REQUIREMENT:
From the line with "Familienhotel Christoph เอลล์เมา" to the line with "2026 Volvo - image 2", retype every line exactly, including those two, and leave out the rest of the data below.

Excerpts from a dataset:

--- --- ---

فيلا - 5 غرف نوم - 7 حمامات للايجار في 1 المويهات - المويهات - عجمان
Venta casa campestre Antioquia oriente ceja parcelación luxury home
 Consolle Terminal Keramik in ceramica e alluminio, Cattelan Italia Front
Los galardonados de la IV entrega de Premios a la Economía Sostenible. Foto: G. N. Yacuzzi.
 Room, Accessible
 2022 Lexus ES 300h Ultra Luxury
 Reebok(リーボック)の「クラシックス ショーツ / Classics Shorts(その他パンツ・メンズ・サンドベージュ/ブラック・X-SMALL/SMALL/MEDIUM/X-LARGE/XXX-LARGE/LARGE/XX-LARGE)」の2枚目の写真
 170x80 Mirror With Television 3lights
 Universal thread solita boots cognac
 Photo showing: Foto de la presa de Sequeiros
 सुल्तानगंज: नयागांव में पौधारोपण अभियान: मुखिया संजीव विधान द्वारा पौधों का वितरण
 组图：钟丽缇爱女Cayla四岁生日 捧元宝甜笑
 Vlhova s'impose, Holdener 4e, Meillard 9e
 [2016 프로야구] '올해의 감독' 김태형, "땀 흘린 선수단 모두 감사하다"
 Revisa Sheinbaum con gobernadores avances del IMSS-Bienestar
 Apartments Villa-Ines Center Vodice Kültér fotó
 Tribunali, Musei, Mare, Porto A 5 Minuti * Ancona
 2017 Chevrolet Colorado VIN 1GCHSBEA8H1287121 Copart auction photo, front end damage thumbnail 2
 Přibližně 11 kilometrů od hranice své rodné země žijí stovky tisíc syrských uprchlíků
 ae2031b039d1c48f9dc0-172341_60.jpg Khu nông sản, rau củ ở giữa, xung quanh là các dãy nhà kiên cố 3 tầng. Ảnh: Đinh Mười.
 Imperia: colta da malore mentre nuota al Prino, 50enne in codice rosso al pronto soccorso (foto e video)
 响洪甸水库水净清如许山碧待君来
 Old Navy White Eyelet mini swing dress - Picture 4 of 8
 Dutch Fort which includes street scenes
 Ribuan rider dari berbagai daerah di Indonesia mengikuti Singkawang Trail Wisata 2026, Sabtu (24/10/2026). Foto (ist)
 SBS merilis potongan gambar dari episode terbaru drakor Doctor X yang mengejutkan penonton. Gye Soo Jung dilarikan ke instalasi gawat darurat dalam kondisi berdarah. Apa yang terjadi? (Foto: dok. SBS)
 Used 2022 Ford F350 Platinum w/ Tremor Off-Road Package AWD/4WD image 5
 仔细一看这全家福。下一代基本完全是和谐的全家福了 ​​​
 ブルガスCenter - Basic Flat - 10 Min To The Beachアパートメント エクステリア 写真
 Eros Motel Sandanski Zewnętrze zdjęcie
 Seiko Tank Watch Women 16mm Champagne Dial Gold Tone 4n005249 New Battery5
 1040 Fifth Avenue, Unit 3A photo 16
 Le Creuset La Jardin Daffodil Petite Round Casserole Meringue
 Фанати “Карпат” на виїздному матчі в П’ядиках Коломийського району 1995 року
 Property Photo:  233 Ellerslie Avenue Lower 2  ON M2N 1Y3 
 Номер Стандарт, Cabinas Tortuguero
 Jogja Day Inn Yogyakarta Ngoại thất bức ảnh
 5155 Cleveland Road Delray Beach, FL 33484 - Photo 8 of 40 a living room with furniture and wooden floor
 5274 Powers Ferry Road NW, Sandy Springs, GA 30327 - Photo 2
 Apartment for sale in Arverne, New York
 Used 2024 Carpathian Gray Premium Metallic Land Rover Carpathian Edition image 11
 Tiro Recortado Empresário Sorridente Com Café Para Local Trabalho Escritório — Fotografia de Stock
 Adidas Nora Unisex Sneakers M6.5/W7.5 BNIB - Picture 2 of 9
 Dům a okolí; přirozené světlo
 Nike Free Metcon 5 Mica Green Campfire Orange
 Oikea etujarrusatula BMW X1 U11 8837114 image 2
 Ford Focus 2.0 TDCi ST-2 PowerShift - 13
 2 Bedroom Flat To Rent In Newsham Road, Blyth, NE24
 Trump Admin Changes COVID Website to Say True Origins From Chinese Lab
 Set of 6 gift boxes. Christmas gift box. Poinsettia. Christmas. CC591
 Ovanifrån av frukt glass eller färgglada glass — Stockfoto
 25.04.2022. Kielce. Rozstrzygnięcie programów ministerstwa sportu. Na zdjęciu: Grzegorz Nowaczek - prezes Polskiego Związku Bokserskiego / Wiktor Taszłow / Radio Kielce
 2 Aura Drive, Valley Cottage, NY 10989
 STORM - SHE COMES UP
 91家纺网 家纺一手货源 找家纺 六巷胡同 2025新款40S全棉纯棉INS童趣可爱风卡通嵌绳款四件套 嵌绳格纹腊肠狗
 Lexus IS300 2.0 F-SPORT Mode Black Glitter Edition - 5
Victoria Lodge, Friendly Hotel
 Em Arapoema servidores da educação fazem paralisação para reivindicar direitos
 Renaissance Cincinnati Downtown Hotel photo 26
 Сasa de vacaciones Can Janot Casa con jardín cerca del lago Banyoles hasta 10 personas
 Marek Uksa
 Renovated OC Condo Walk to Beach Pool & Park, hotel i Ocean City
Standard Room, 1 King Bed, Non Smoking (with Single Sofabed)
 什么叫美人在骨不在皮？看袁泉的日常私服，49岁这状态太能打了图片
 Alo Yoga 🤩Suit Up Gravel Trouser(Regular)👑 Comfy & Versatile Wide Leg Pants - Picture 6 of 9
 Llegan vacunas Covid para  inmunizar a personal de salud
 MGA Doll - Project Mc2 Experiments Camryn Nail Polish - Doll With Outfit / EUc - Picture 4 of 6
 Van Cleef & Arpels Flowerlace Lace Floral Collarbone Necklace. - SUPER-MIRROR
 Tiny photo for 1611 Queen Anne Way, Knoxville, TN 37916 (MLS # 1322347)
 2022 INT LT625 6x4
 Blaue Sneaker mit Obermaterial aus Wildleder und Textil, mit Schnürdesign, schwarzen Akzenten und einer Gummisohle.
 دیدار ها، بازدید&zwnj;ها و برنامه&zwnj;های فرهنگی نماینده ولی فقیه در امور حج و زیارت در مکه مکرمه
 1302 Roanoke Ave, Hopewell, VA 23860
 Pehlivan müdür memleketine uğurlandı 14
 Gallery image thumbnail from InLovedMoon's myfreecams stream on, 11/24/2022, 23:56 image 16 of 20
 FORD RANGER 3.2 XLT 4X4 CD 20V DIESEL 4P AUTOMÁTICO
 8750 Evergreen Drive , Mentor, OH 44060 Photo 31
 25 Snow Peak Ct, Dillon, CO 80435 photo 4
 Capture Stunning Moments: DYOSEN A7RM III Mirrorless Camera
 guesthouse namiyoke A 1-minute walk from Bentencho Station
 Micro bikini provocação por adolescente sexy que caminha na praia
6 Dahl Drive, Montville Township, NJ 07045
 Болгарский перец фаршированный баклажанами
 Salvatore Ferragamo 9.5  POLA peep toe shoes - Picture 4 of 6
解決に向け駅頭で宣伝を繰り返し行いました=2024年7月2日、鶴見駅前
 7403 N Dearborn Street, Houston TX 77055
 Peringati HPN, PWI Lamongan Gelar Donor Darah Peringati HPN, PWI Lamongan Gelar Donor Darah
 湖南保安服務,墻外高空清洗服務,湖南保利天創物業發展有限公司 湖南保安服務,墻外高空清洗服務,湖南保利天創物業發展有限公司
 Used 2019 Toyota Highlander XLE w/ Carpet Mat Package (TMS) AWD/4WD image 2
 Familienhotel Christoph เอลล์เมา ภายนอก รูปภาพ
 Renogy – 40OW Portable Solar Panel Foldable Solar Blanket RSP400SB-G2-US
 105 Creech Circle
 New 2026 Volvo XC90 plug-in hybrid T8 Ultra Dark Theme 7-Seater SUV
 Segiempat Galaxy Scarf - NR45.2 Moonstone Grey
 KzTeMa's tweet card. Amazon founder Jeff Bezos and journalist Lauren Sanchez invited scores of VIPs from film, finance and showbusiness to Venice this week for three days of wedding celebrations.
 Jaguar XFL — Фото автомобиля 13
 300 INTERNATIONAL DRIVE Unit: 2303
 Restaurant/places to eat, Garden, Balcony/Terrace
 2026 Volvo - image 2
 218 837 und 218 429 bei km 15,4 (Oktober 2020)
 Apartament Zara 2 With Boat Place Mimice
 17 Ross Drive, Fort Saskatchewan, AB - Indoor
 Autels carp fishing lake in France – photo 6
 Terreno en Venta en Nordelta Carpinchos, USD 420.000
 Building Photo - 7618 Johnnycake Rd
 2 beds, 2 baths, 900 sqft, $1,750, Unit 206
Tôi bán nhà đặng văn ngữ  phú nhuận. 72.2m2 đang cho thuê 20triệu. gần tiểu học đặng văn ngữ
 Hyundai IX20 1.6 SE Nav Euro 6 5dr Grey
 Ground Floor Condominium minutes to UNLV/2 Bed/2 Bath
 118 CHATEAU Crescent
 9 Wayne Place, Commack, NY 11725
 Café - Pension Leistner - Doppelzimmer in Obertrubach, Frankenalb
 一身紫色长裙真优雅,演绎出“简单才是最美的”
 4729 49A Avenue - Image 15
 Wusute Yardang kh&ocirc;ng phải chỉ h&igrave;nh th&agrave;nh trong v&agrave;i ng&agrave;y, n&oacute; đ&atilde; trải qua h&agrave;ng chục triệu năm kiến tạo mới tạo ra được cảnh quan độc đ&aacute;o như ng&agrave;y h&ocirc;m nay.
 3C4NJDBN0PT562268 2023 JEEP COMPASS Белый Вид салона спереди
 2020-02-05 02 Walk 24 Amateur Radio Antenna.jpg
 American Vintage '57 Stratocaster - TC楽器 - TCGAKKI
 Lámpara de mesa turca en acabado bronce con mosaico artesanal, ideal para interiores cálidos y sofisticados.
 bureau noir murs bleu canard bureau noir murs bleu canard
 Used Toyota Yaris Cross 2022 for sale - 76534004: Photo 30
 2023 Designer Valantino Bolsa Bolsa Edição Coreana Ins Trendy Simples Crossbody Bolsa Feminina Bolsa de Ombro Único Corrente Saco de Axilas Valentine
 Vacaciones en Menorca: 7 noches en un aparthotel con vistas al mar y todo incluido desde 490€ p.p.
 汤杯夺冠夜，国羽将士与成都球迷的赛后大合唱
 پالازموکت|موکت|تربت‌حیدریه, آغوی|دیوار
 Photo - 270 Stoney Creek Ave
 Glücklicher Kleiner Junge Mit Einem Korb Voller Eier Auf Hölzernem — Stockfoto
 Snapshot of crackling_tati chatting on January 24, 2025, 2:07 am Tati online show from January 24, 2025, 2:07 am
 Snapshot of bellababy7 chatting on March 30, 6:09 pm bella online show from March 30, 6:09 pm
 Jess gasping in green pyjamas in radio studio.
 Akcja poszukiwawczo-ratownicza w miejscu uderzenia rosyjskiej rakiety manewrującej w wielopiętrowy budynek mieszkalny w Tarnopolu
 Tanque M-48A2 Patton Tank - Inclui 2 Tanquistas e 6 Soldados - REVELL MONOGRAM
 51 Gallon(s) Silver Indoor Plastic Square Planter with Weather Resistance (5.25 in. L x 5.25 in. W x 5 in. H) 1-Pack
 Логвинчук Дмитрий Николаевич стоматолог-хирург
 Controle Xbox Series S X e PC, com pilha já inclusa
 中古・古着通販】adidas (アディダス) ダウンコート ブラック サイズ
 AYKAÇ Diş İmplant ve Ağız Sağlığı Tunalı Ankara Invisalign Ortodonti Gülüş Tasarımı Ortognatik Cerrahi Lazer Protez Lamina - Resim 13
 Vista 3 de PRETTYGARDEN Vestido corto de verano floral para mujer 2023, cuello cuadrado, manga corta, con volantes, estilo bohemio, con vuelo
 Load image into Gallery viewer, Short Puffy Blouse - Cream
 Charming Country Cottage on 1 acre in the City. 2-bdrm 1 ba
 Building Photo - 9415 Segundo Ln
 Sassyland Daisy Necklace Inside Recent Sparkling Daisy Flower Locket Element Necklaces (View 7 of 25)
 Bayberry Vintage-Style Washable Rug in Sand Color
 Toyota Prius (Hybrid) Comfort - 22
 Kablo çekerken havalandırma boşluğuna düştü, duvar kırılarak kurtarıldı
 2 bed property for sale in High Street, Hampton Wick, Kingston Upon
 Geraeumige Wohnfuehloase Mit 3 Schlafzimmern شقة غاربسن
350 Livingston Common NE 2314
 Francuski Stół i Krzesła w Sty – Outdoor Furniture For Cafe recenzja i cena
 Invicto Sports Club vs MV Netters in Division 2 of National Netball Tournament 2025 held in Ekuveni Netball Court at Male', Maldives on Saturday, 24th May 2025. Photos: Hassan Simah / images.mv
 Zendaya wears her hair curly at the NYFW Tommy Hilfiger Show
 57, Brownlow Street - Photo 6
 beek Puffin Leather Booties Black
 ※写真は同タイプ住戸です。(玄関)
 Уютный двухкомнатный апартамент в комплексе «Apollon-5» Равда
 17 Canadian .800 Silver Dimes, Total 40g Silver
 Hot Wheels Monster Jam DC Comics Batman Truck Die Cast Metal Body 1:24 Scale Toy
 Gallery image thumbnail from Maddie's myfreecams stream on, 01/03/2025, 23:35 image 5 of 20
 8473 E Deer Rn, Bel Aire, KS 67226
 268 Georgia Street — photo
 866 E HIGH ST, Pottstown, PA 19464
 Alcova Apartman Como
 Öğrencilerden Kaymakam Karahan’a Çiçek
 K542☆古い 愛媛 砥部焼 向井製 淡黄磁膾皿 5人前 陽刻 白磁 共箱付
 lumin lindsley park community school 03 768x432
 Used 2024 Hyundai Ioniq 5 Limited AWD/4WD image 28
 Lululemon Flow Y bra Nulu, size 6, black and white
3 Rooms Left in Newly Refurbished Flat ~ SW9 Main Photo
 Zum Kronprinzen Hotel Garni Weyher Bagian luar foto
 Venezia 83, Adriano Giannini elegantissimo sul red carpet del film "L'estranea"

--- --- ---

WRITTEN SOLUTION:
 Familienhotel Christoph เอลล์เมา ภายนอก รูปภาพ
 Renogy – 40OW Portable Solar Panel Foldable Solar Blanket RSP400SB-G2-US
 105 Creech Circle
 New 2026 Volvo XC90 plug-in hybrid T8 Ultra Dark Theme 7-Seater SUV
 Segiempat Galaxy Scarf - NR45.2 Moonstone Grey
 KzTeMa's tweet card. Amazon founder Jeff Bezos and journalist Lauren Sanchez invited scores of VIPs from film, finance and showbusiness to Venice this week for three days of wedding celebrations.
 Jaguar XFL — Фото автомобиля 13
 300 INTERNATIONAL DRIVE Unit: 2303
 Restaurant/places to eat, Garden, Balcony/Terrace
 2026 Volvo - image 2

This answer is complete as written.